Enfin un "VRAI" blog ! Très heureux d'avoir découvert votre blog, grâce à la campagne de Skynet qui nous édite le portrait de blogueurs de semaine en semaine ...
C'est un véritable "coup de coeur" qui ravira grand'nombre de lecteurs !
Amitiés en créativité ...

Écrit par : Jean-Paul Flament | 30/08/2004

Merci Pour votre témoignage.

Écrit par : Kitani | 30/08/2004

Très bon blog j'ai eu l'occasion de séjourner au gabon qd j'avais 17 ans... je l'ai toujours en tête, il ne partira jamais de moi. Merci de montrer l'Afrique!

Écrit par : Maeve | 30/08/2004

Omboué C'est à Omboué que j'ai séjourné avec d'autres étudiants, dans le cadre d'un voyage "humanitaire". je suis évidemment passée par Libreville et Port-Gentil mais pas très longtemps.

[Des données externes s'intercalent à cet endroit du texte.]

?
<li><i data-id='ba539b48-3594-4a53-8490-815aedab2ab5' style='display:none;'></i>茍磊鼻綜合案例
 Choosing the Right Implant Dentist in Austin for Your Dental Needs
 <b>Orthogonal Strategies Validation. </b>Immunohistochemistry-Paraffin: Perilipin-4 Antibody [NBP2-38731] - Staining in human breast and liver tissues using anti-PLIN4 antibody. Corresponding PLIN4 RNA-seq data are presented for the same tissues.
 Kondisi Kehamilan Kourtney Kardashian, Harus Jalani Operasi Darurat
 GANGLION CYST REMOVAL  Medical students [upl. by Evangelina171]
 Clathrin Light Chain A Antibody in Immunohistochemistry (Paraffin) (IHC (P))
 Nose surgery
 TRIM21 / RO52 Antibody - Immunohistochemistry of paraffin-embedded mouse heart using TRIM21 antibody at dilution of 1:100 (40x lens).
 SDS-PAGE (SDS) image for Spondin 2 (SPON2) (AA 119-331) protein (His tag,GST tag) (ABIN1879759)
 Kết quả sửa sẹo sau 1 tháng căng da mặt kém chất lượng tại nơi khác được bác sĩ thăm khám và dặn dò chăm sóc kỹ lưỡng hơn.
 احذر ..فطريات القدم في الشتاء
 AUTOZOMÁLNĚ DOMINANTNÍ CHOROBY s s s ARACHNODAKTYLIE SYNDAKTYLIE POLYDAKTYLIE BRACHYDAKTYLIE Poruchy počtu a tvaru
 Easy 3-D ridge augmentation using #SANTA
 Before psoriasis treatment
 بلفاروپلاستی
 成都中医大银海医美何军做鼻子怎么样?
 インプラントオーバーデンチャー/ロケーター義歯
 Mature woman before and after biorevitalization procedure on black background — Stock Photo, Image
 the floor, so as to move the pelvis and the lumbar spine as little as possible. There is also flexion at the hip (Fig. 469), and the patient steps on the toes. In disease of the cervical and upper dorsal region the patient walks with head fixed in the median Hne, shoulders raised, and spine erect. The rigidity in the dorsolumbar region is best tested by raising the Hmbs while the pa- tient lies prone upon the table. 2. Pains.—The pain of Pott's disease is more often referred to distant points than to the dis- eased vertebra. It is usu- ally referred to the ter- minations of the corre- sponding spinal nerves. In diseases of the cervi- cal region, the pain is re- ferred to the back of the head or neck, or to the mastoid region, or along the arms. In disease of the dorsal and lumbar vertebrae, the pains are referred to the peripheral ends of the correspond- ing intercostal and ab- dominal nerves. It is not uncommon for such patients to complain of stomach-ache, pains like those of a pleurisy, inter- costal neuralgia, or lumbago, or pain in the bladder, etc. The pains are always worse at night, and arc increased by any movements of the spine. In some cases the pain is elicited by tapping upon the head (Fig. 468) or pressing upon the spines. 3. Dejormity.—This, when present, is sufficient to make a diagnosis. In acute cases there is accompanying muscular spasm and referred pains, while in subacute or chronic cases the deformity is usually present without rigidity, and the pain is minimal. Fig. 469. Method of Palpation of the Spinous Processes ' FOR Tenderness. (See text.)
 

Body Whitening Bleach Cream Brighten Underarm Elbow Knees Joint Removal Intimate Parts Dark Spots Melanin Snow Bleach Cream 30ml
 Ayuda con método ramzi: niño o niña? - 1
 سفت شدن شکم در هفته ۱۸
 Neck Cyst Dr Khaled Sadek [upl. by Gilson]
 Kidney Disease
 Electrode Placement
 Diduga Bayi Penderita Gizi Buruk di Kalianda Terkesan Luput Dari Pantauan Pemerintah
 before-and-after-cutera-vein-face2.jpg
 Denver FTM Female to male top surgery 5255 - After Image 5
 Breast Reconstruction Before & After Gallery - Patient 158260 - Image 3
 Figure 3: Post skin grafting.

Écrit par : Maeve | 30/08/2004

Bonjour et merci pour ce blog original. Cela dit, ce ne sont que des suggestions, diminuer la taille des textes ou les aérer avec de caractères plus épais, quitte à placer des liens vers les sources, cela aiderait au confort de la lecture.

Petite question, qu'est ce que Che Guevara et Arafat ont en commun avec l'Afrique d'hier et d'aujourd'hui ? Certes, l'un a combattu dans le maquis communiste avec un futur "grand démocrate" nommé Joseph Désiré Kabila et l'autre tire encore un peu son soutien des "77" à l'ONU, mais quid pour vous ?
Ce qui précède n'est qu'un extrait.